Two of the last four games saw them go behind first and turn around a victory by the full-time whistle.
In only two games, had they walked in at half-time in the lead – four times they had been losing.
City have only scored four times this season in the first half, whilst they’ve conceded seven times during the first 45 minutes. 33% of their goals have come after the 75th minute, with 20 goals coming in the second half, conceding 10.
Ten fixtures were decided by a goal margin of just one – how many times have City lost in a tight 1-0 result before?

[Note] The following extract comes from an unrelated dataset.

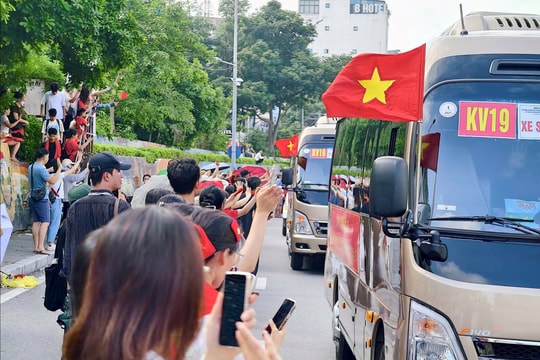 Người dân nghẹn ngào, xúc động khi chia tay các khối diễu binh sau lễ kỷ niệm 80 năm Quốc khánh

And as it’s already been revealed, City’s form has meant they are in good company sitting among PSG, Juventus Manchester City, Inter Milan to make up the top five in form teams in Europe – whilst several of the top Premier League teams pop up, it is only a scroll down you find Sunderland (20), Luton Town (23) and Portsmouth (30) to be the first teams mentioned outside the top flight. At rank 44th, Nottingham Forest appear to be first Championship team to be mentioned ahead of Birmingham (46) and QPR (47).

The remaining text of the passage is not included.